Carolyn Dowdell has developed a close, personal relationship with Agnes Etherington.
It’s a relationship built over the past couple of years. However, the two have never met.
In fact, Etherington, an integral character in the history of Queen’s University, passed away decades before Ms. Dowdell was even born.
Ms. Dowdell is the guest curator for an exhibition featuring some of Etherington’s clothing, primarily evening gowns, and there are few better ways to know someone than through their clothing, she says.

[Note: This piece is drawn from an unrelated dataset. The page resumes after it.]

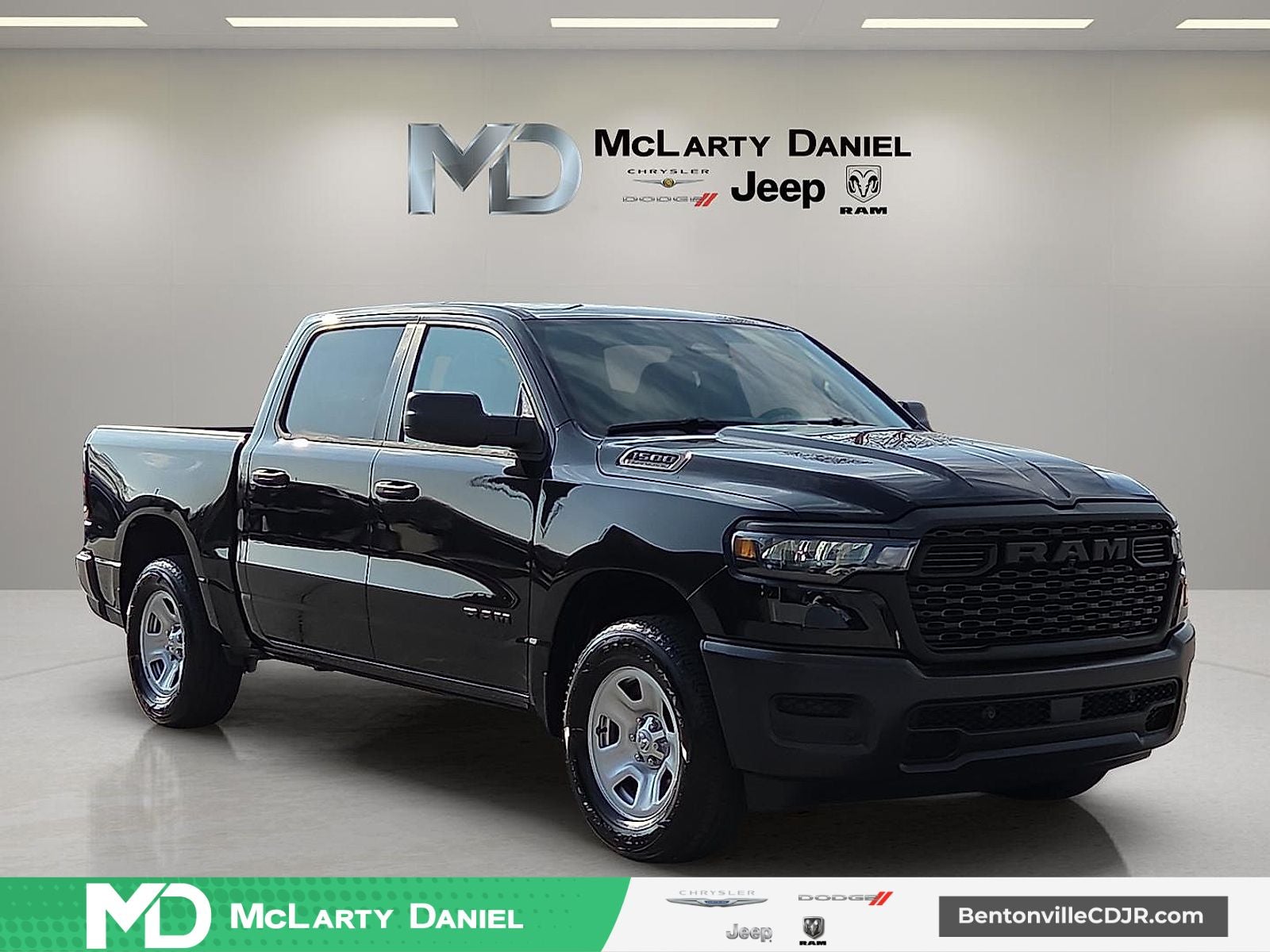 2026 RAM Ram 1500 RAM 1500 TRADESMAN CREW CAB 4X4 5'7' BOX in Diamond Black Crystal Pearl-Coat Exterior Paint — front three-quarter view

“I feel that historical clothing is the most intimate and personal witnesses to history,” says the Ph.D. candidate whose focus is on 18th-century clothing. “So you are looking at these and you know there was a human body in this. When you put these on display and you get them padded out and mounted properly, it’s like you are seeing the historical body again. There’s all these little details that you get that make you realize these are real people. It’s one of the mediums of connecting with the past that’s really visceral. These things, they get dirty, they get torn, they get mended.”
Etherington was well known for her love of fine clothes. While at times private, Etherington, Ms. Dowdell says, was no shrinking violet and had a definitive frame, one that Ms. Dowdell has come to know very well. In creating the exhibition she also needed to get to know Etherington the person.
“While I feel like I have gained a few insights into Agnes, it’s almost ended up raising more questions about her though,” she says with a laugh. “It’s made me feel more and more that I wish I could have met her. She would have been a really interesting person.”
The exhibition is being held at the Agnes Etherington Art Centre (AEAC), which includes her former home. Etherington donated it to the university to be the first home of the arts department.
Walking through the exhibition, Ms. Dowdell explains each piece – a formal gown, something for a nice garden party, Etherington’s fur-trimmed wedding dress, and a black intricate creation holding centre court that grabs attention as much today as it likely did a century ago.
The complexity of the dress is not lost on Ms. Dowdell.
“The way that dress goes together…” she says before pausing. “I am a highly-experienced seamstress myself and that dress is incredibly complex. There are so many layers to it. Angles, layers, textures, the piecing, there’s so much more inside it that you don’t see. There are multiple layers on the inside that aren’t visible.”
The result is stunning.
The idea for the exhibition began in 2009 when Ms. Dowdell volunteered at the Agnes, using her expertise as a dress historian to help identify pieces in the Queen’s University Collection of Canadian Dress, including some that belonged to Etherington. After graduating from the University of Alberta and entering the PhD program in Art History at Queen’s, Ms. Dowdell continued her work with the collection under a practicum. More quality pieces, such as the wedding dress were identified and the idea became a reality when the Agnes invited Dowdell to curate an exhibition.
“It was decided that it would be nice to show a different side of Agnes,” Ms. Dowdell explains. “It was such an interesting thing for the art centre to have this clothing collection belonging to the founder.”
Artful Dressing: The Fashion of Agnes Etherington continues at the AEAC until Nov. 9.